--- PROVIDED DATA Enclosed Below ---

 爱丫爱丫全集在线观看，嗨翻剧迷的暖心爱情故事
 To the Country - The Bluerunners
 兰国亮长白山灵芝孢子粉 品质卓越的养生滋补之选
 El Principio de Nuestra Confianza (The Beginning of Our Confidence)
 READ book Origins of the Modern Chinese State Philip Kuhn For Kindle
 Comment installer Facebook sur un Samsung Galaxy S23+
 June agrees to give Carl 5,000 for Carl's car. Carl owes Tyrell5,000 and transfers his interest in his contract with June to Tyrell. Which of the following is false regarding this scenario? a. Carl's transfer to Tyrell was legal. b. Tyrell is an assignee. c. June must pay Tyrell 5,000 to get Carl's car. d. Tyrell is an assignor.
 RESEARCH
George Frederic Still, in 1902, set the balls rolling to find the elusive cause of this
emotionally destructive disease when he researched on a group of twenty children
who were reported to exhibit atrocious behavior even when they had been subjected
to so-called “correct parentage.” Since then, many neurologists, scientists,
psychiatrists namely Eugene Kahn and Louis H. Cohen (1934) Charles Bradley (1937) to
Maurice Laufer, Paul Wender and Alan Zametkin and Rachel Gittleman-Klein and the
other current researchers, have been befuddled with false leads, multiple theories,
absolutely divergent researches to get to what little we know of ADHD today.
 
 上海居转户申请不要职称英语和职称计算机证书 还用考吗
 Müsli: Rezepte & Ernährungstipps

--- End of Enclosed PROVIDED DATA ---
--- PROVIDED DATA Enclosed Below ---

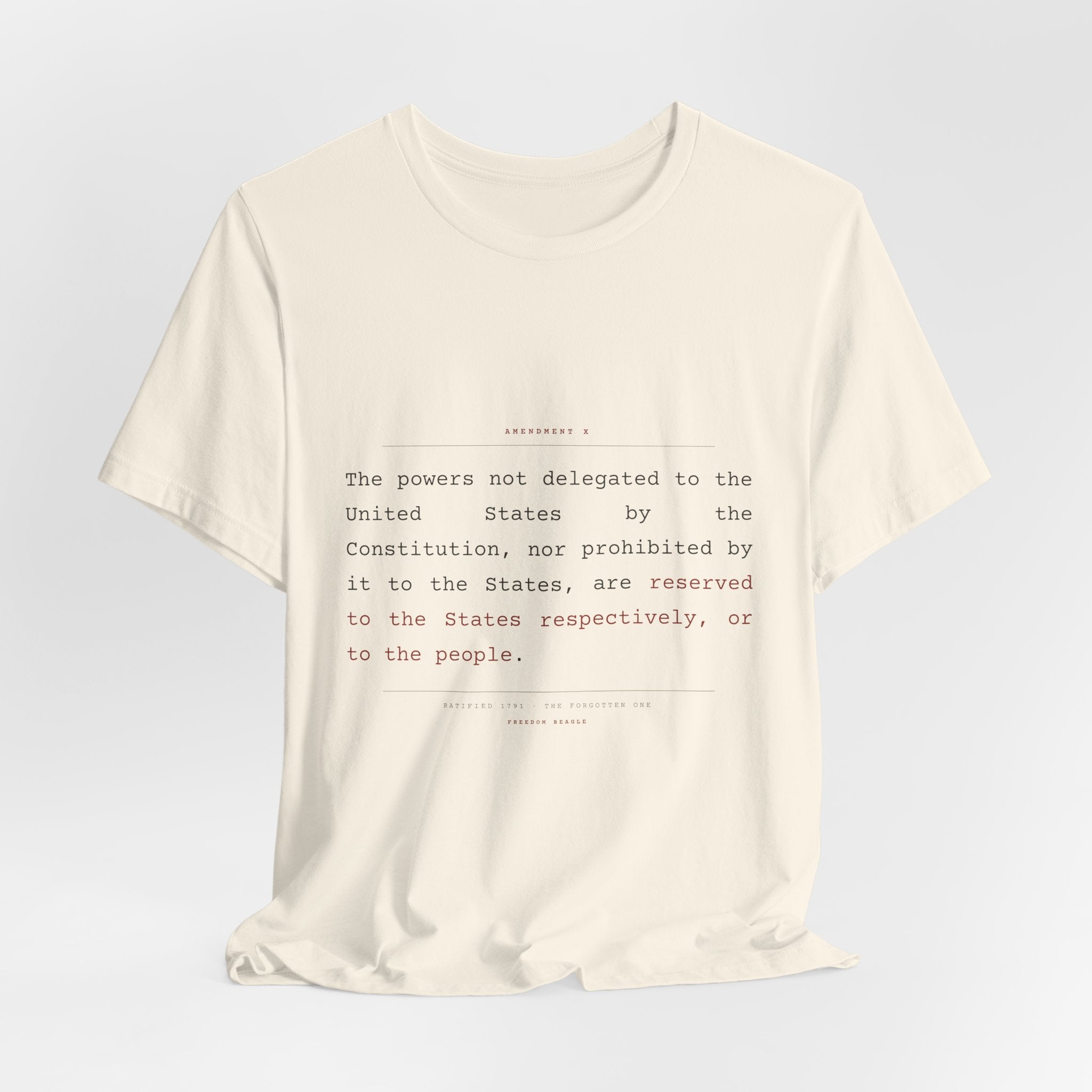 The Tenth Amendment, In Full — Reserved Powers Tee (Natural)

--- End of Enclosed PROVIDED DATA ---

__TASK BRIEF__.
In the records above, the line with "爱丫爱丫全集在线观看，嗨翻剧迷的暖心爱情故事" marks the start and the line with "Since then, many" marks the end; copy that stretch exactly, both lines included, and nothing else.

__WRITTEN SOLUTION__.
 爱丫爱丫全集在线观看，嗨翻剧迷的暖心爱情故事
 To the Country - The Bluerunners
 兰国亮长白山灵芝孢子粉 品质卓越的养生滋补之选
 El Principio de Nuestra Confianza (The Beginning of Our Confidence)
 READ book Origins of the Modern Chinese State Philip Kuhn For Kindle
 Comment installer Facebook sur un Samsung Galaxy S23+
 June agrees to give Carl 5,000 for Carl's car. Carl owes Tyrell5,000 and transfers his interest in his contract with June to Tyrell. Which of the following is false regarding this scenario? a. Carl's transfer to Tyrell was legal. b. Tyrell is an assignee. c. June must pay Tyrell 5,000 to get Carl's car. d. Tyrell is an assignor.
 RESEARCH
George Frederic Still, in 1902, set the balls rolling to find the elusive cause of this
emotionally destructive disease when he researched on a group of twenty children
who were reported to exhibit atrocious behavior even when they had been subjected
to so-called “correct parentage.” Since then, many neurologists, scientists,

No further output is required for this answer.